One of the fun things is when science ends up (inadvertently in this case) looking like art.

It has become necessary to my upcoming experiment to simulate what our scattering patterns might look like. Below is the result :




It's the kind of picture I want to make in higher quality and then print up on giant poster sized paper.

It's not exactly what we'll see when we do our experiments, but it's something similar. In fact, the pattern is calculated in a geometry that we'll never observe (ie orientation of the crystal, beam, detector, etc), but I find it a rather striking pattern. The pattern is representative of scattering light (x-rays) through a monolayer of gold atoms. In this case, the atoms are arrange in a hexagonal pattern as you would find on top of a cubicly cut gold crystal. Instead of remaining in the cubic arrangement the atoms "reconstruct" into hexagonal patterns. Now... if you've ever tried to lay down a hexagon on top of a square, you may have noticed that there is no unique way to place the hexagon. There are two possible and equivalent ways to lay down the hexagonals. Nature is aware of this and so we end up with hexagonal arrays of atoms that are oriented 90 degrees away from each other.

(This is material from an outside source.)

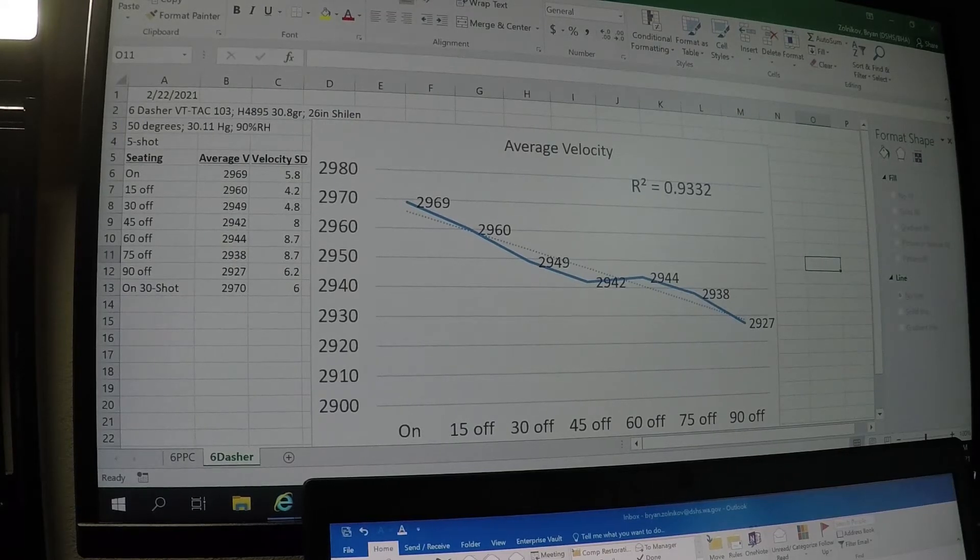We did another Seating and Velocity test. We did one earlier with a 6 PPC and we used sort of normal ranges of seating that we would expect for people loading and shooting that cartridge competitively, usually within the range of 20 thousandths jam out to maybe 10 to 14 thousandths off. And we got some comments — one of which was from a shooter who had done a test for himself on seating and velocity in a 6 Dasher cartridge.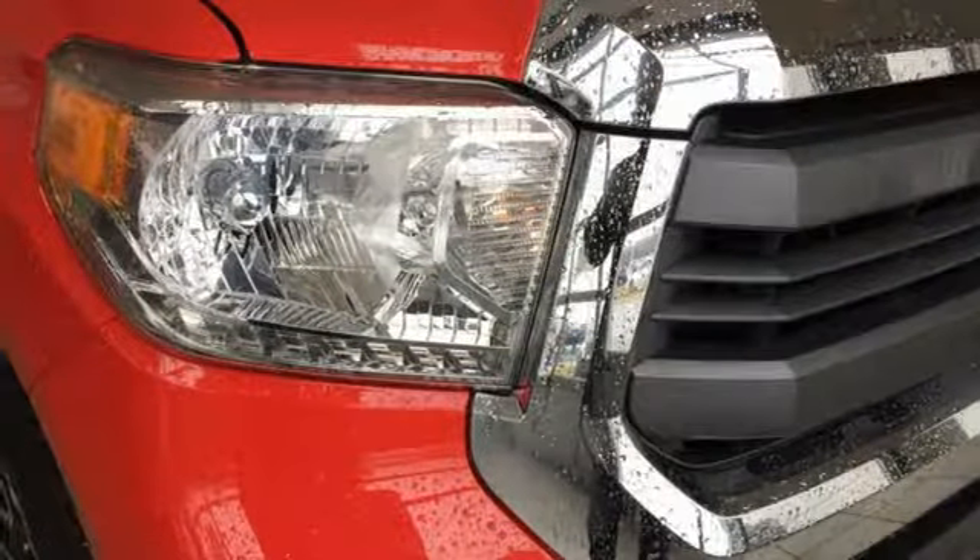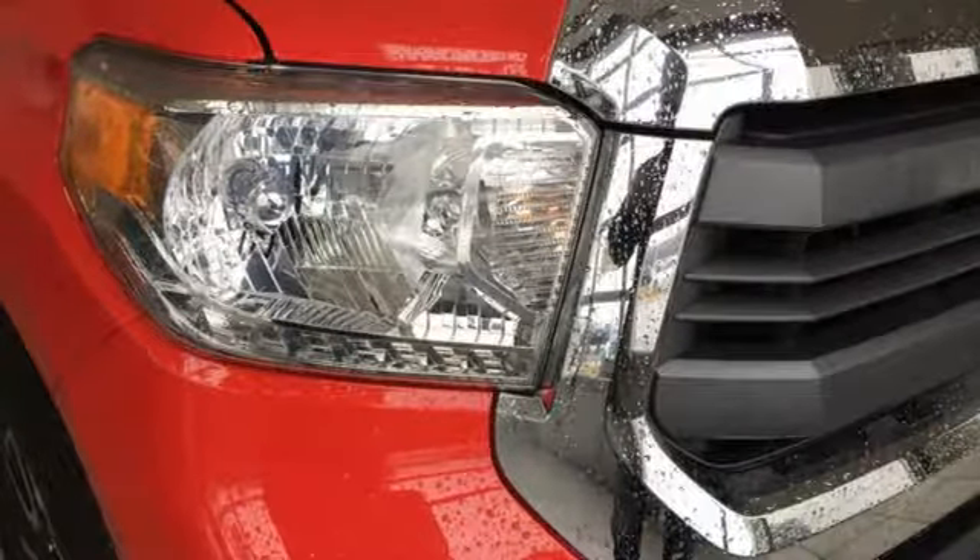V8 engine, trailer hitch receiver, electronic shift on the fly, and automatic transmission. Experience it for yourself today.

What this means in the scattering pattern above, is that instead of just a single array of 6 hexagonal peaks in reciprocal space we instead find a total of 12 peaks, or two arrays rotated 90 degrees (or equivalently 30 degrees) from each other. The central bright region is from the unscattered light and the scattering due to the large scale structure of the pattern. The first set of higher ordered hexagonal peaks is also visible around the bright set of 12. Also visible is some "random" variation and faint signals. This noise is, in this case, due to the random shapes of the hexagonal domains I used (the atoms are still arrayed in hexagons, just the larger shape made by all the hexagons is a little random.